The day the work ban was lifted, Utah Charter Academies Chairman Brad Findlay wrote to the state Charter School Board and again pressed the issue of eminent domain.
School administrators had done everything right, he said, but ideological opposition was threatening the opening of a high school campus.
"The Draper situation is becoming critical in terms of completing the project on time and we are worried about how these types of headlines will impact enrollment," Findlay wrote April 4. "Our adversaries are spreading the narrative that APA has ignored the appropriate construction processes and that we are bending rules."
But school board emails show that long before work was stopped in March, APA had failed to secure the necessary approval to begin construction.
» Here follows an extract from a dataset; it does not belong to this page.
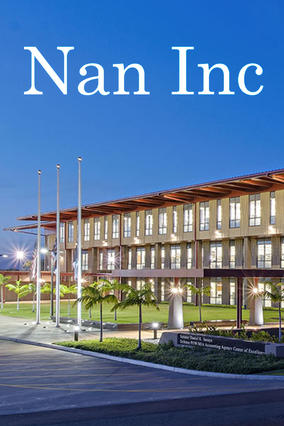 Nan Inc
Dickson, the state superintendent, wrote March 31 that APA was unable to produce documentation that the state school board had signed off on its plans, a requirement for charter construction.
"We couldn't find any evidence that permission to begin construction on the building was ever given, and in fact, found the contrary," Dickson wrote March 31. "The Board has options for dealing with APA constructing without permits, should you choose to do so."
The charter school's contractor, Ed McDonald, also acknowledged the oversight in a March 31 email to Jenefer Youngfield, construction and facility specialist for the Utah Board of Education.
"I was not aware that the USBOE issued a permit until it was brought to my attention in mid-February," McDonald wrote.
Findlay said the Draper construction followed the same process and practices as APA's six existing schools. The missing permits, he said, were never obtained during those previous projects, but construction was allowed to continue.
"We proceeded with the exact same approval letters," Findlay said. "I have suppositions, but that would just be speculation."
He also questioned the school board's insistence that APA's emergency access lane be completed before construction on the high school building, comparing the order to when a residential home and driveway are built.
"In this case, we were required to put the driveway in before we built the house," he said. "It made no sense but all of the sudden, for some reason, that's what happened."
Findlay maintains that APA rightfully owns the land along 11950 South and should be granted access. Chon ruled against the school in March, and last week the school's appeal was denied.
Price, the property owner, has declined to comment on the litigation, but his lawyers argue that mixing school and industrial park traffic would be unsafe.
"You tell me who's pigheaded and stubborn in this. Is it the school?" Findlay said. "We've totally been stymied by a private developer that simply doesn't want a public school to get access to a public road."
Jones said the board's requirement that an emergency access be built was due to the fact that an elementary and middle school currently operate adjacent to the construction site.
While Utah Charter Academies continues to press the eminent domain issue, Jones said the board's concerns were resolved by the demolition of a nearby home to create a secondary access point to APA property.
But Lear said it is not yet clear the charter school has updated its plans for parking, traffic and vehicle access in anticipation of a high school expansion.
"The nature of a high school is so different than a school with nondrivers in it," she said.
The school's current layout, with a single driveway connecting to Lone Peak Parkway, has been a source of frustration for community members as near-daily traffic congestion during the school year clogs roads during drop-off and pickup hours.
Homeowners launched a "Shame On APA" website and hung a banner from a nearby property, which led to the school erecting what was described as a "spite fence" to block the banner from view.
As recently as early April, some members of the Utah Board of Education advocated for a complete shutdown of school construction until concerns could be resolved.
"The people of Draper deserve to be treated justly," Riebe wrote April 5. "The whole plan should go back to review."